**Task item:** The material below holds pictures, which are to be left out; copy exactly the lines from the one with "Orang-orang mengibarkan bendera" through the one with "full bathroom with".

**Extracted entries:**
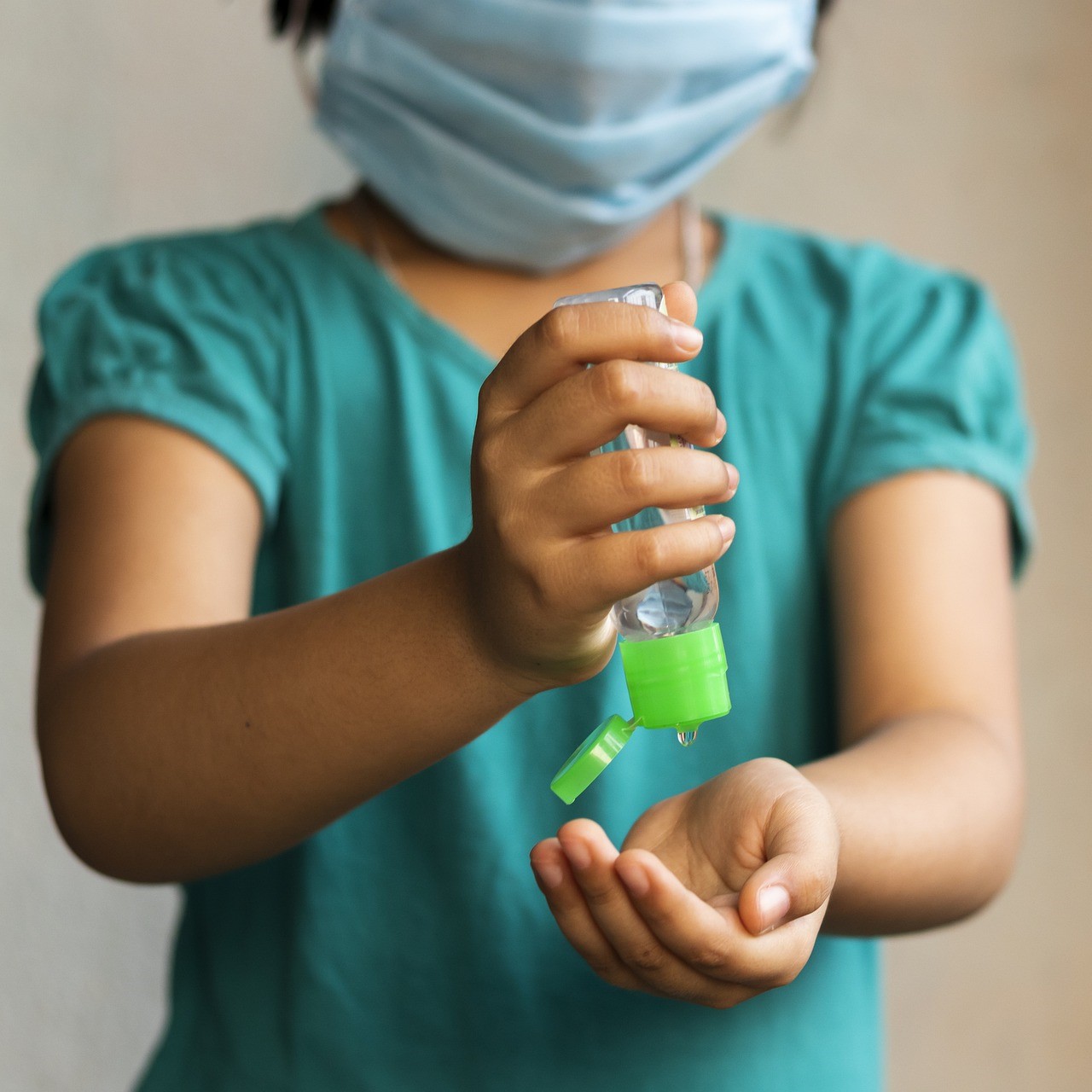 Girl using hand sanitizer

* * *

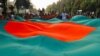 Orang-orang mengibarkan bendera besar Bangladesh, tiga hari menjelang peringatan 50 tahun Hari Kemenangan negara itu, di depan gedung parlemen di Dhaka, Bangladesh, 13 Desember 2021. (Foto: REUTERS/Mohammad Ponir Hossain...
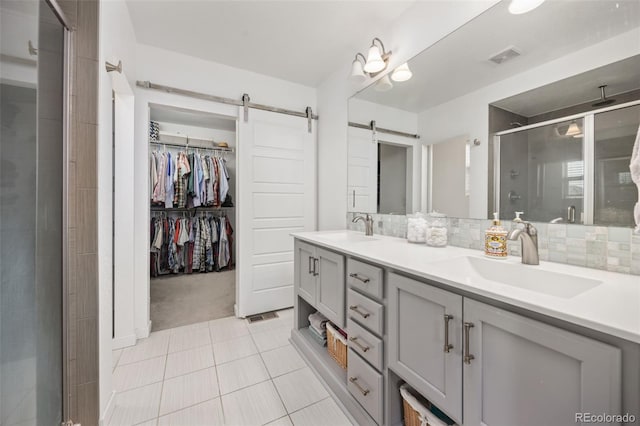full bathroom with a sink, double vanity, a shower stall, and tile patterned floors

**Written response:**
 Orang-orang mengibarkan bendera besar Bangladesh, tiga hari menjelang peringatan 50 tahun Hari Kemenangan negara itu, di depan gedung parlemen di Dhaka, Bangladesh, 13 Desember 2021. (Foto: REUTERS/Mohammad Ponir Hossain...
full bathroom with a sink, double vanity, a shower stall, and tile patterned floors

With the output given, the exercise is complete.